__Exercise__
What you return must match, exactly, the lines running from the one containing "Exclusive Turquoise Cotton" to the end of the data, both included, and must contain no pictures.
........
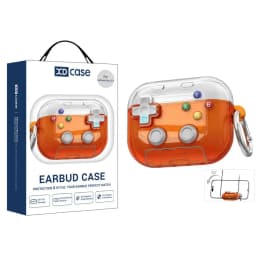 XDcase Transparent Retro Game Console Design Earbuds Case For AirPods Pro 3 / 4 / Pro 2 / 1 with Holder & Stress Relief Button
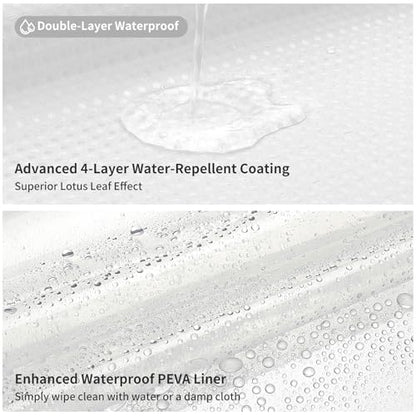 QiyI 3 in 1 Waffle Shower Curtain Set with Liner, White, 72 x 84 | Shower Curtain and Liner Set with Hooks, Waterproof Bathroom Curtain with PEVA Liner & 12 Double Sided Clear Plastic Rings - color: White, size: 72"W x 84"L (Pack of 1)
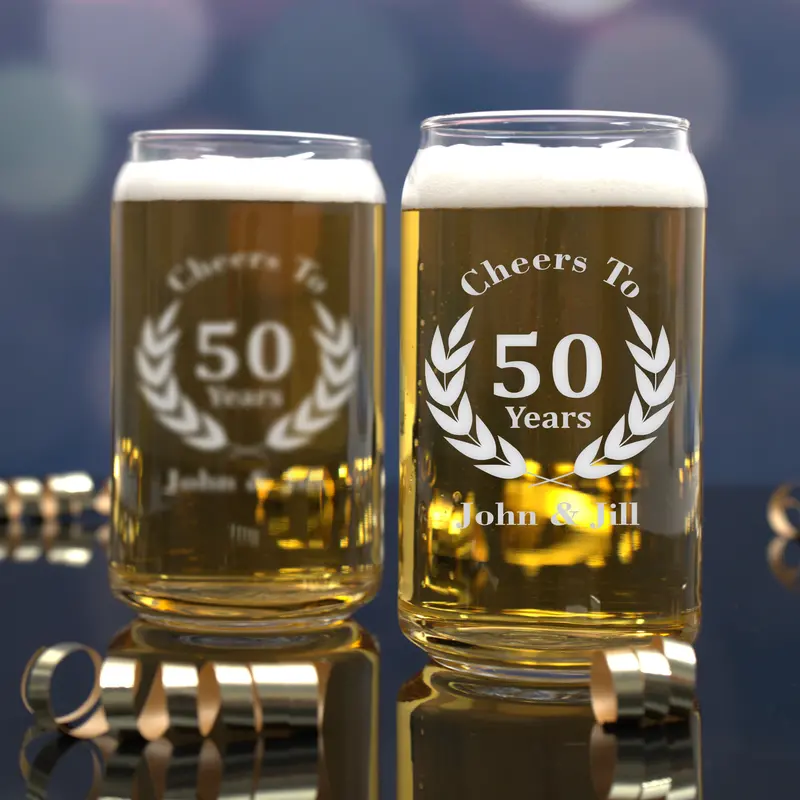 Cheers to Years | Personalized 16oz Beer Can Glass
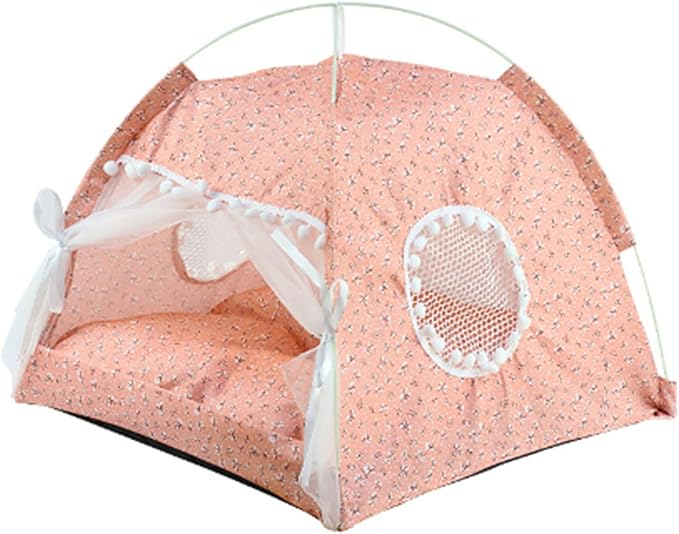 Cat House Indoor, Indoor Pet Tent, Indoor Tent House Pet Dog Cute Floral Cave Nest Bed Portable Dog Tents Detachable Cat Tent for All Seasons ()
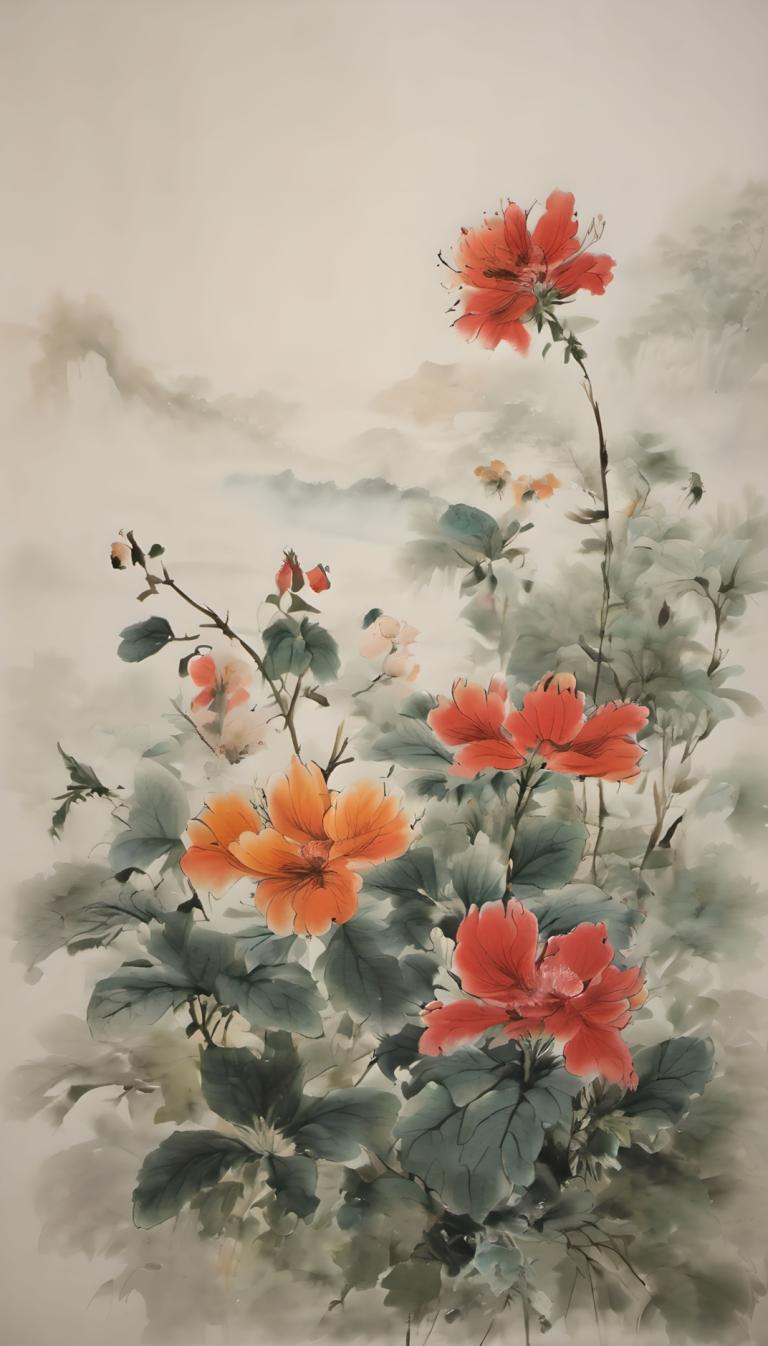 国画,国画, 自然, 花, 花, 没有人类, 红花, 叶子, 植物, 风景, 户外, 静物, 云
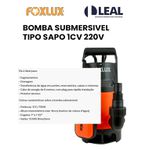 BOMBA DAGUA SUBMERSIVEL TIPO SAPO 1CV 220V FOXLUX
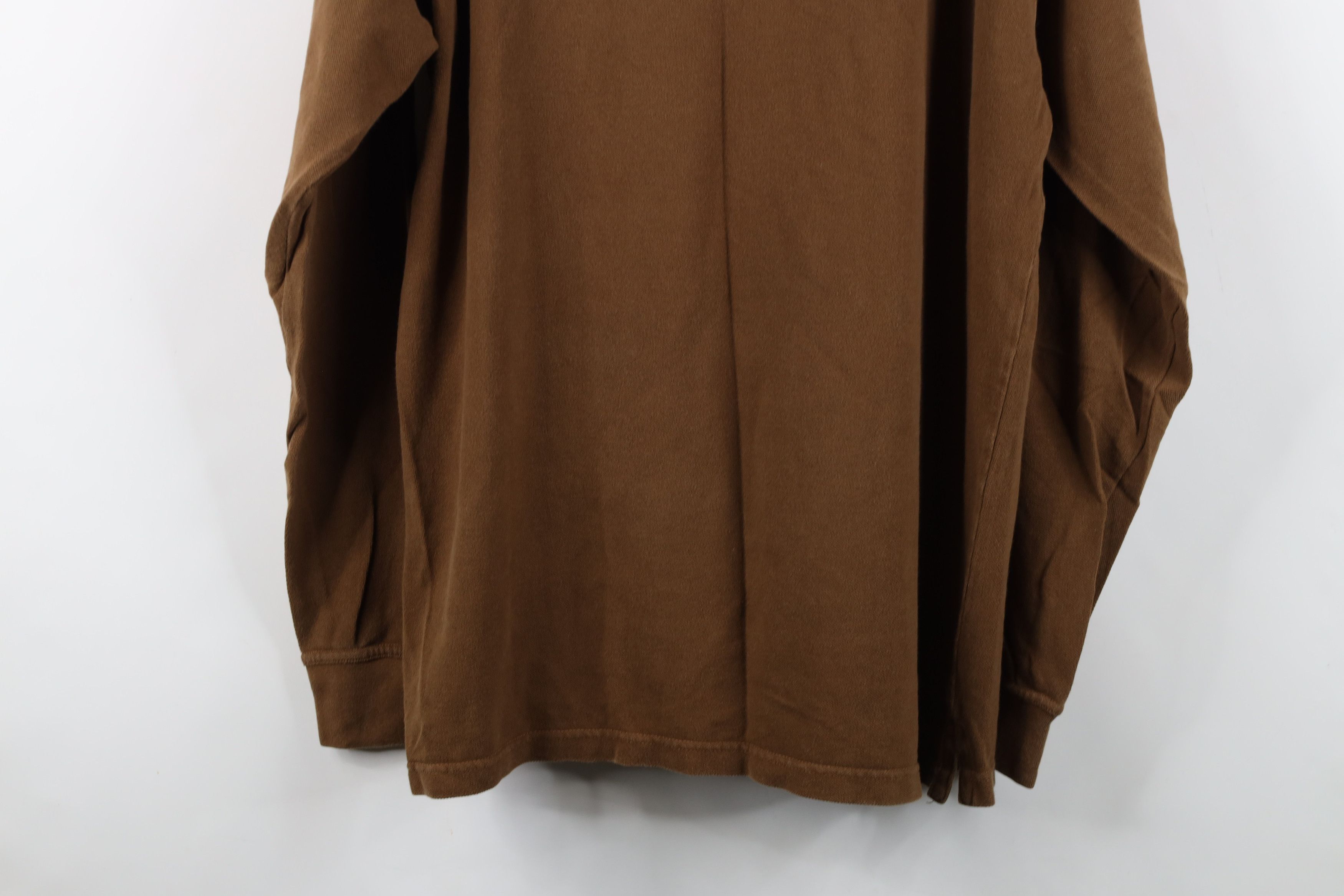 Vintage Vintage 90s Streetwear Mock Neck Long Sleeve T-Shirt Brown Size US L / EU 52-54 / 3 - 14 Thumbnail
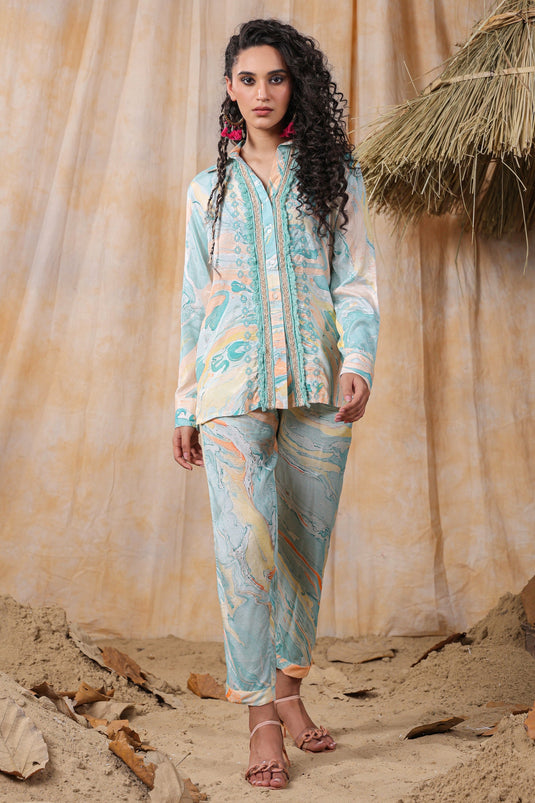 Exclusive Turquoise Cotton Fabric Marble Print Full Sleeves Comfortable Readymade Co Ord Set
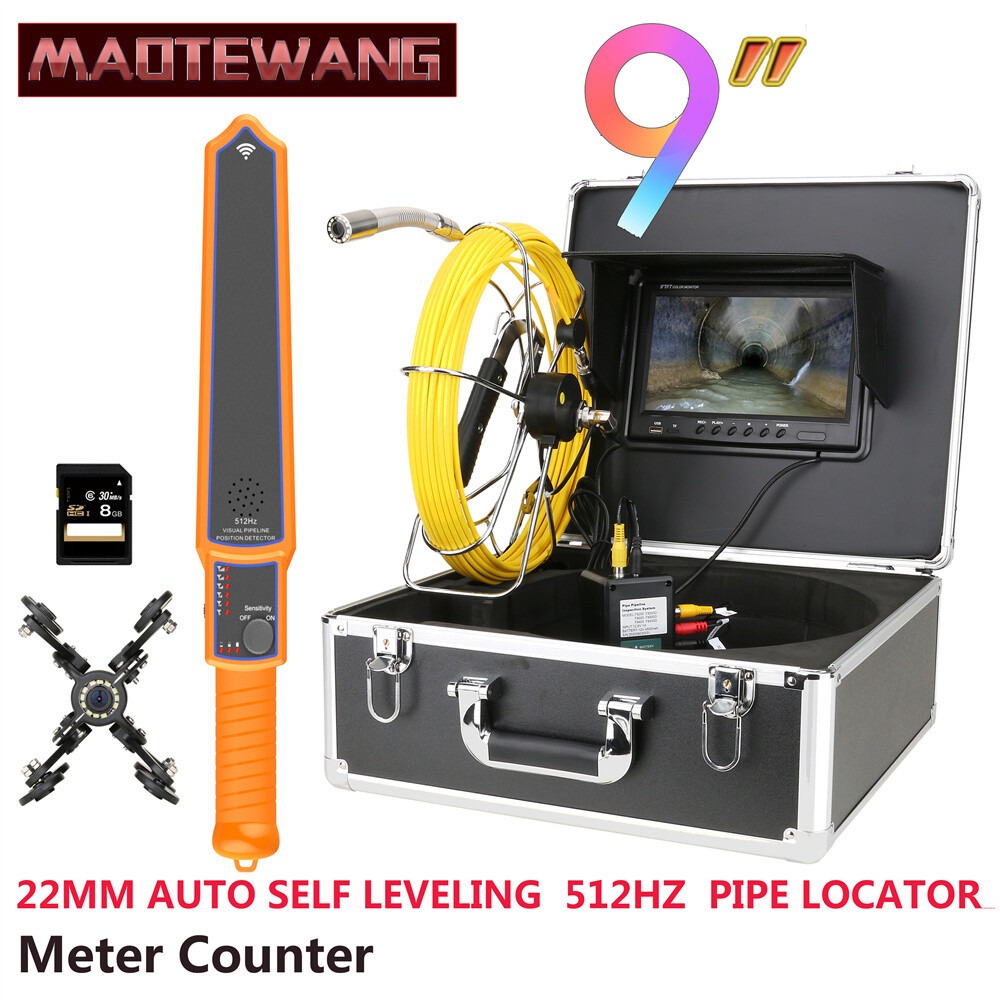 9&Prime; DVR Pipe Locator Industrial Drain Sewer Inspection Camera Self Leveling 20M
........
__Worked solution__
 Exclusive Turquoise Cotton Fabric Marble Print Full Sleeves Comfortable Readymade Co Ord Set
 9&Prime; DVR Pipe Locator Industrial Drain Sewer Inspection Camera Self Leveling 20M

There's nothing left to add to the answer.